На ноги поднялся молодой человек с огненно-рыжими волосами.
— Я согласен со всем, что сказал милорд Бурбон. Более того, я добавлю, что королеве было бы не худо обдумать возможность продажности назначенных ею судей; ибо человека, не имеющего ни земель, ни средств, ни родового имени, честь коего надо поддерживать, можно будет легко искусить торговать своим правосудием.
— Если они сделают это, — отрезала Катарина, — то будут повешены на самой высокой виселице, и люди, которым они учинили несправедливость, послужат им палачами.
Она хранила молчание ровно три вздоха, сцепившись глазами с вельможей; затем Бром О'Берин прорычал:
— Выражаем нашу благодарность герцогу Савойскому.
Молодой человек поклонился и сел.
— Кто еще выскажется в пользу милордов Бурбона и Савойского?
Один за другим остальные десять лордов поддержали герцога Бурбона. Великий Совет королевы был единогласно против нее.
С миг Катарина держала глаза закрытыми, плотно сжав губы. Открыв их, она обвела стол пылающим взглядом.
— Я глубоко огорчена, милорды, находя всех вас столь сильно противящимися королевскому правосудию. — Она подарила им натянутую улыбку. — Благодарю вас за ваш честный совет. И все же я не отступлю от своего намерения, мои судьи останутся в ваших владениях.
Вельможи зашевелились в своих креслах, перешептываясь друг с другом низкими хриплыми голосами. Они, казалось, составляли одного большого, рычащего, потревоженного зверя.
Старый герцог Логайр медленно поднялся и тяжело оперся на стол.
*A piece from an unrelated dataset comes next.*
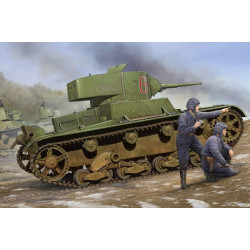 HOBBY BOSS Soviet T-26...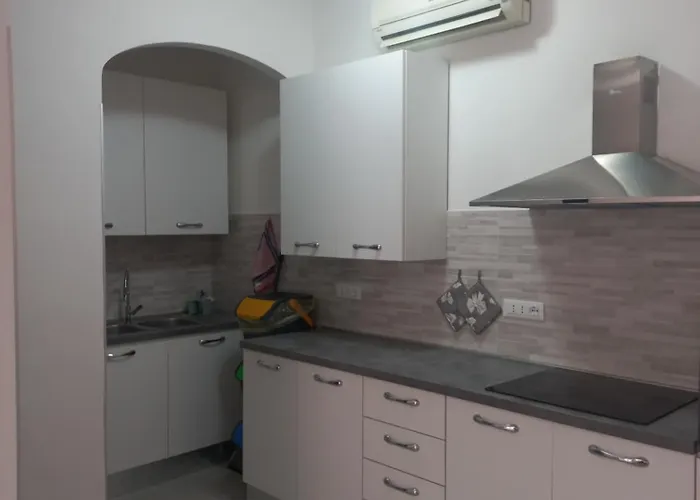 Casa Alessia Apartment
— Моя королева, — прогромыхал он. — Подумайте: даже короли могут ошибаться в суждениях, а вы еще молоды в делах государства. Известно, что много умов вместе могут обрести более ясное знание, чем один ум в одиночку, а здесь, с вами, собрались двенадцать человек из наиболее древних и достопочтенных родов, из семей, поседевших, занимаясь делами государства; старые люди из старых семей и, надо надеяться, умудренные грузом своих лет. Ужель вы будете настаивать на своем, когда столько человек столь уверены в том, что вы неправы?